WHAT TO WORK ON —
Below is the data. Give it again, complete and exact.

INPUT MATERIAL —
+-------+
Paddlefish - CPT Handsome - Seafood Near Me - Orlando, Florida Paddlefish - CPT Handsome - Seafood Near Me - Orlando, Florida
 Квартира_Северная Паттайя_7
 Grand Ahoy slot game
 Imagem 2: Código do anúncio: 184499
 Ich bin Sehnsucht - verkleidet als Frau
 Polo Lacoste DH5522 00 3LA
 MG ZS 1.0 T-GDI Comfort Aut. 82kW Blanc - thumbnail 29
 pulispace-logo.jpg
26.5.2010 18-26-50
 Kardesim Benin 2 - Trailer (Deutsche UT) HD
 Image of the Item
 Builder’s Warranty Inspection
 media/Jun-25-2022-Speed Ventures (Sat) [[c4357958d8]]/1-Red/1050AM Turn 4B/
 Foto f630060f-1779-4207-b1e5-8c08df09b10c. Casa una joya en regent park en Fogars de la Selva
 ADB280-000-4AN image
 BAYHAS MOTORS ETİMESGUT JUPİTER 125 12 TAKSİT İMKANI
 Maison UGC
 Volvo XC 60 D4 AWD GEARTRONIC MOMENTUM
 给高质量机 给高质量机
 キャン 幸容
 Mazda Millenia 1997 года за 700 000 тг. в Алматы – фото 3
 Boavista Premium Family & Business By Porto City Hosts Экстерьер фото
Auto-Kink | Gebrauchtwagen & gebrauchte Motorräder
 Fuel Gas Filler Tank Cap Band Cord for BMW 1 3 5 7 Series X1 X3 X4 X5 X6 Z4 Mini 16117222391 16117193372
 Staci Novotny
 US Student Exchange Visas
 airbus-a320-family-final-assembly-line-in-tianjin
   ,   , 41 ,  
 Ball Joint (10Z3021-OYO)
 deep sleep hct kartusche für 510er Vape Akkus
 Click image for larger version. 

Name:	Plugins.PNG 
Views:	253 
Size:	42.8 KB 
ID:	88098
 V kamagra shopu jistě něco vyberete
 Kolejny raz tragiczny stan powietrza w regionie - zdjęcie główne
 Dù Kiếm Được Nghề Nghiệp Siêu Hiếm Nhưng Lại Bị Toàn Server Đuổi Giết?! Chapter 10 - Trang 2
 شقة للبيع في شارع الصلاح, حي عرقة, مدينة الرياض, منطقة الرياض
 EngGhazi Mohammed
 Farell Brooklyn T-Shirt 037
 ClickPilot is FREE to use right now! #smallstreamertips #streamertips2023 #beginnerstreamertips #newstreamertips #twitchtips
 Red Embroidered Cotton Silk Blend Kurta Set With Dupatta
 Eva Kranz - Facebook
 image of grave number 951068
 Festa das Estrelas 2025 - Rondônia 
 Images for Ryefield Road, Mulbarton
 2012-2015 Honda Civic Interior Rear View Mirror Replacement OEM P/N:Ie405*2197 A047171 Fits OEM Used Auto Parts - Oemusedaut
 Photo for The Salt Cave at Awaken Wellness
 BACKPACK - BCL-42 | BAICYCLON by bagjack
+-------+
RESPONSE AREA —
Paddlefish - CPT Handsome - Seafood Near Me - Orlando, Florida Paddlefish - CPT Handsome - Seafood Near Me - Orlando, Florida
 Квартира_Северная Паттайя_7
 Grand Ahoy slot game
 Imagem 2: Código do anúncio: 184499
 Ich bin Sehnsucht - verkleidet als Frau
 Polo Lacoste DH5522 00 3LA
 MG ZS 1.0 T-GDI Comfort Aut. 82kW Blanc - thumbnail 29
 pulispace-logo.jpg
26.5.2010 18-26-50
 Kardesim Benin 2 - Trailer (Deutsche UT) HD
 Image of the Item
 Builder’s Warranty Inspection
 media/Jun-25-2022-Speed Ventures (Sat) [[c4357958d8]]/1-Red/1050AM Turn 4B/
 Foto f630060f-1779-4207-b1e5-8c08df09b10c. Casa una joya en regent park en Fogars de la Selva
 ADB280-000-4AN image
 BAYHAS MOTORS ETİMESGUT JUPİTER 125 12 TAKSİT İMKANI
 Maison UGC
 Volvo XC 60 D4 AWD GEARTRONIC MOMENTUM
 给高质量机 给高质量机
 キャン 幸容
 Mazda Millenia 1997 года за 700 000 тг. в Алматы – фото 3
 Boavista Premium Family & Business By Porto City Hosts Экстерьер фото
Auto-Kink | Gebrauchtwagen & gebrauchte Motorräder
 Fuel Gas Filler Tank Cap Band Cord for BMW 1 3 5 7 Series X1 X3 X4 X5 X6 Z4 Mini 16117222391 16117193372
 Staci Novotny
 US Student Exchange Visas
 airbus-a320-family-final-assembly-line-in-tianjin
   ,   , 41 ,  
 Ball Joint (10Z3021-OYO)
 deep sleep hct kartusche für 510er Vape Akkus
 Click image for larger version. 

Name:	Plugins.PNG 
Views:	253 
Size:	42.8 KB 
ID:	88098
 V kamagra shopu jistě něco vyberete
 Kolejny raz tragiczny stan powietrza w regionie - zdjęcie główne
 Dù Kiếm Được Nghề Nghiệp Siêu Hiếm Nhưng Lại Bị Toàn Server Đuổi Giết?! Chapter 10 - Trang 2
 شقة للبيع في شارع الصلاح, حي عرقة, مدينة الرياض, منطقة الرياض
 EngGhazi Mohammed
 Farell Brooklyn T-Shirt 037
 ClickPilot is FREE to use right now! #smallstreamertips #streamertips2023 #beginnerstreamertips #newstreamertips #twitchtips
 Red Embroidered Cotton Silk Blend Kurta Set With Dupatta
 Eva Kranz - Facebook
 image of grave number 951068
 Festa das Estrelas 2025 - Rondônia 
 Images for Ryefield Road, Mulbarton
 2012-2015 Honda Civic Interior Rear View Mirror Replacement OEM P/N:Ie405*2197 A047171 Fits OEM Used Auto Parts - Oemusedaut
 Photo for The Salt Cave at Awaken Wellness
 BACKPACK - BCL-42 | BAICYCLON by bagjack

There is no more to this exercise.